Qui commande ?

DANS TEL OU TEL CONTEXTE, en telle ou telle situation ou cas, répondre à la question « qui commande ? » est chose ordinairement aisée. Presque toujours, une réponse peut facilement être avancée, et soutenue, pourvu qu’on se contente d’une investigation qu’on dira positive, pourvu qu’on s’en tienne aux faits, ou à ce qu’on appelle ainsi. On demande à voir les responsables, qui commandent. Nombreuses sont alors les personnes ou instances qui ne manqueront pas de se présenter et de prétendre à endosser ce rôle, confortées à leur place selon une évidence parfaitement obvie.  Il n’en va pas de même si, allant un peu au delà du visible, la question prétend s’inscrire dans une certaine radicalité.

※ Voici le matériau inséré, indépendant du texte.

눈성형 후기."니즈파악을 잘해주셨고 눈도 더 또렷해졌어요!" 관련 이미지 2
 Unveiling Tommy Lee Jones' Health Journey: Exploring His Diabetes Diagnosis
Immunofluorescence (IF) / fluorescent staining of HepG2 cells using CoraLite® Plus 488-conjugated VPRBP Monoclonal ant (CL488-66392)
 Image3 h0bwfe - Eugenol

Ce genre de transgression s’autorise ici d’une rhétorique convenue,mais redoutable : comme Marx qui demandait « qui éduque les éducateurs ? », ou Canguilhem qui demandait «qui oriente les orienteurs ?», il paraît urgent de demander « qui commande aux commandeurs — ou aux commandants ?». La demande est convenue certes, mais elle est néanmoins assez radicale, et en cela subversive, pour que la réponse, insaisissable, se dérobe aussitôt, et paraisse inéluctablement hors d’atteinte.